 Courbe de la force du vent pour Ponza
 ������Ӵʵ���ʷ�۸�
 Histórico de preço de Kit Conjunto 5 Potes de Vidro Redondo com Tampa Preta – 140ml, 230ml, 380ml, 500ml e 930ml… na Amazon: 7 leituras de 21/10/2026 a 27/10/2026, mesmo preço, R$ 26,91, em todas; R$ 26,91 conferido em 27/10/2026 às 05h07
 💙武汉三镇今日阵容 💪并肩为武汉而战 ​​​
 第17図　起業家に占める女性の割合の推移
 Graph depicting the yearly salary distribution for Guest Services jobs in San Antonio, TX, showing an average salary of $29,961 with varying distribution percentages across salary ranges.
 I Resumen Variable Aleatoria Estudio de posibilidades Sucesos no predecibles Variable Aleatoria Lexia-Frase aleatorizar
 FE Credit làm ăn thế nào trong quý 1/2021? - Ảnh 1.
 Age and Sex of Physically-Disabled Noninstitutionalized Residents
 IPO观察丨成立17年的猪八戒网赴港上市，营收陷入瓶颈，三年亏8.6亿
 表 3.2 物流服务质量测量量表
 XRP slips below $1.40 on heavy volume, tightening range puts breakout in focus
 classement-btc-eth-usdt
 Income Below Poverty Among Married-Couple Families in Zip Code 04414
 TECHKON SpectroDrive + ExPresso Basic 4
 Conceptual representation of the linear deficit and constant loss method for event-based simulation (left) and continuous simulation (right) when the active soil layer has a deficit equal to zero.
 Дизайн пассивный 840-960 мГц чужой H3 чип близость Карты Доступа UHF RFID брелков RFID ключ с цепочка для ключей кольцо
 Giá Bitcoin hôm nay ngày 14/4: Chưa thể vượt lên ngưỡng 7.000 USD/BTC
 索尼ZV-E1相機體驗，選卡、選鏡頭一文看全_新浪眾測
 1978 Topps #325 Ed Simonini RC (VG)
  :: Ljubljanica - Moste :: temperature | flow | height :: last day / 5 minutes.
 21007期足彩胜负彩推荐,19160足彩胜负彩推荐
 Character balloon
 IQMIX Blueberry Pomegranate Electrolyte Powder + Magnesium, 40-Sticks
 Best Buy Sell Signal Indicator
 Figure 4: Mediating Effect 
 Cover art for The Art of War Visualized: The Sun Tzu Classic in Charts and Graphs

** WHAT THIS TASK INVOLVES **
What are the lines from the one with "XRP slips below" through the last line of the records above? Quote them exactly and add nothing.

** SOLUTION FOR THIS EXERCISE **
 XRP slips below $1.40 on heavy volume, tightening range puts breakout in focus
 classement-btc-eth-usdt
 Income Below Poverty Among Married-Couple Families in Zip Code 04414
 TECHKON SpectroDrive + ExPresso Basic 4
 Conceptual representation of the linear deficit and constant loss method for event-based simulation (left) and continuous simulation (right) when the active soil layer has a deficit equal to zero.
 Дизайн пассивный 840-960 мГц чужой H3 чип близость Карты Доступа UHF RFID брелков RFID ключ с цепочка для ключей кольцо
 Giá Bitcoin hôm nay ngày 14/4: Chưa thể vượt lên ngưỡng 7.000 USD/BTC
 索尼ZV-E1相機體驗，選卡、選鏡頭一文看全_新浪眾測
 1978 Topps #325 Ed Simonini RC (VG)
  :: Ljubljanica - Moste :: temperature | flow | height :: last day / 5 minutes.
 21007期足彩胜负彩推荐,19160足彩胜负彩推荐
 Character balloon
 IQMIX Blueberry Pomegranate Electrolyte Powder + Magnesium, 40-Sticks
 Best Buy Sell Signal Indicator
 Figure 4: Mediating Effect 
 Cover art for The Art of War Visualized: The Sun Tzu Classic in Charts and Graphs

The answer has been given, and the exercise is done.